Today's Washington Times notes that, while the leadership is still holding the line, a number of individual Democratic Congressmen and Senators have floated various proposals for reform.
There are two basic reasons, I think, why the Dems' preferred strategy of stonewalling and scare-mongering might not work. The first is that they, as much as Republicans, have been issuing warnings about Social Security for years. Americans under 40, especially, have grown up with predictions of Social Security insolvency, and are not hard to persuade that something must be done. In this regard, the effort by many in the mainstream media to help the Democrats by emphasizing the distinction between "crisis"--President Bush's word--and "serious problems"--the Democrats' words--has been misguided. The belief that Social Security has "serious problems" is hardly a ground for inaction, and in his State of the Union speech, President Bush happily abandoned "crisis" and used milder formulas.
So the Democrats might find that there is less patience with a "do nothing" approach than they expect.
The second problem for the Democrats, I believe, is that the only proposal for real change in the system is the President's. Allowing employees to save their own money, own their own accounts, and pass their accumulated wealth on to their heirs has powerful appeal. Everything else--tinkering with the retirement age, extending the income level on which the Social Security tax applies, etc.--is merely accounting. And distasteful accounting at that, since at bottom, all such proposals translate into higher taxes or lower benefits.
The Democrats will try to argue that there is a disconnect between the program's fiscal problems and the President's proposed solution, individual accounts, which will worsen, not improve, the fiscal picture. In the short term, they're right. But in the (only slightly) longer term, we are moving rapidly toward a demographic environment in which there will be only two workers for each retiree. At that point, a "pay as you go" system that relies on current income to support retirees will be untenable. Either the two workers will pay exorbitant taxes, or the one retiree will get a very meagre pension. There is no way out of this dilemma, except replacing "pay as you go"--a euphemism for income transfer payments--with a savings program. If each worker saves for his or her own retirement, the ratio between workers and retirees becomes immaterial.

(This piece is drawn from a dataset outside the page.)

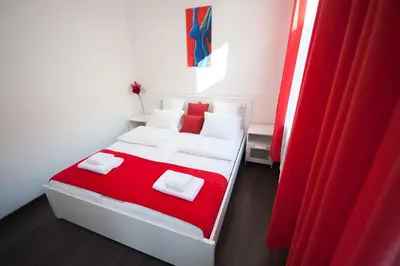 a white bed with red blanket and white pillows at Romantic New 2 Bedroom Vilnius Best Location in Vilnius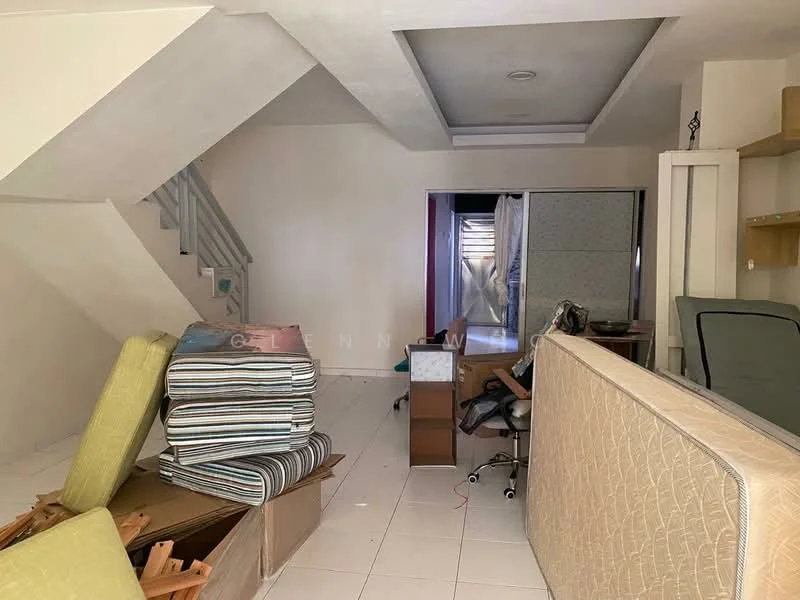 Room features: white painted walls, tile flooring, staircase with wooden railing, open space layout, furniture including a sofa and chairs, cardboard boxes, desk with chair, window with sheer curtains.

And nearly everyone recognizes that a savings program is inherently superior to an income transfer program. Virtually anyone would rather live off his own savings than a dole from the goverment. Indeed, Franklin Roosevelt never intended the income transfer system to continue indefinitely; he recognized that it was necessary in the early stages of the program to help those who had not accumulated savings, but always intended that it would be replaced or supplemented in due course with a savings program. Probably no one other than a few hard-core leftists, who like to see people dependent on the government, and Democratic politicians actually prefers an income transfer approach to savings.
So, once again, President Bush may have put the Democrats in a position where the only proposal on the table with any power to fire the voters' imaginations is his, while the Democrats are reduced to carping from the sidelines. If that's the way the voters see it, the Democrats might find themselves abandoning their Maginot Line much sooner and in much greater disarray than they had intended.